RECORDS FOR THE TASK
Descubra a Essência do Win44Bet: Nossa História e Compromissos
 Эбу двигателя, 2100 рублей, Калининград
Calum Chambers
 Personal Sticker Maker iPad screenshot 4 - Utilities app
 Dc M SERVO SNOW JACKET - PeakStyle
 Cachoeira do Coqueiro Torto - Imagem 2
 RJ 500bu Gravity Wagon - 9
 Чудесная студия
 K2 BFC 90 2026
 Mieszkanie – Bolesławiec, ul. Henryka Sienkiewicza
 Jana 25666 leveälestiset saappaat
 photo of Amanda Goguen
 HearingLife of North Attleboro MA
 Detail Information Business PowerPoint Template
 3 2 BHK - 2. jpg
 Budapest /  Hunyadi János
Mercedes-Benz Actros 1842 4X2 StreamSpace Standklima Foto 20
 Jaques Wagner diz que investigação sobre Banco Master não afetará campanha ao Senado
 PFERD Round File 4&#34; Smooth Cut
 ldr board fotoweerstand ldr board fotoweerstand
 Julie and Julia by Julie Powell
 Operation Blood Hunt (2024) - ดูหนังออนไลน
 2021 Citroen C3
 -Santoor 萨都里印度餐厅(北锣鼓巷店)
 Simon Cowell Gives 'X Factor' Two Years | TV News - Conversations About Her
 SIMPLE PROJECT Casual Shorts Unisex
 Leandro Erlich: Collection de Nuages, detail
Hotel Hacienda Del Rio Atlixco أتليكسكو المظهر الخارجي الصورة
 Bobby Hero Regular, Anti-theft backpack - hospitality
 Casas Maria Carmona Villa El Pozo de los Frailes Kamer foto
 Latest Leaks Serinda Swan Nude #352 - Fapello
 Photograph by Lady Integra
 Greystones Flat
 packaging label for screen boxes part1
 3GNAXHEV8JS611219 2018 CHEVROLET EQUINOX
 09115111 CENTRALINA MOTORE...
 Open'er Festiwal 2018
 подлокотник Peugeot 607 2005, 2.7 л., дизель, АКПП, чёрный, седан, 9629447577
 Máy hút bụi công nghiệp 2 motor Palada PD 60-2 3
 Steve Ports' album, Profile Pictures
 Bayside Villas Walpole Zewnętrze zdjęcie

HOW TO COMPLETE THIS TASK
Beginning at the line that contains "Leandro Erlich: Collection de Nuages, detail", retype each line of the listing up to and including the last one, exactly as it stands, and nothing else.

RESULT
 Leandro Erlich: Collection de Nuages, detail
Hotel Hacienda Del Rio Atlixco أتليكسكو المظهر الخارجي الصورة
 Bobby Hero Regular, Anti-theft backpack - hospitality
 Casas Maria Carmona Villa El Pozo de los Frailes Kamer foto
 Latest Leaks Serinda Swan Nude #352 - Fapello
 Photograph by Lady Integra
 Greystones Flat
 packaging label for screen boxes part1
 3GNAXHEV8JS611219 2018 CHEVROLET EQUINOX
 09115111 CENTRALINA MOTORE...
 Open'er Festiwal 2018
 подлокотник Peugeot 607 2005, 2.7 л., дизель, АКПП, чёрный, седан, 9629447577
 Máy hút bụi công nghiệp 2 motor Palada PD 60-2 3
 Steve Ports' album, Profile Pictures
 Bayside Villas Walpole Zewnętrze zdjęcie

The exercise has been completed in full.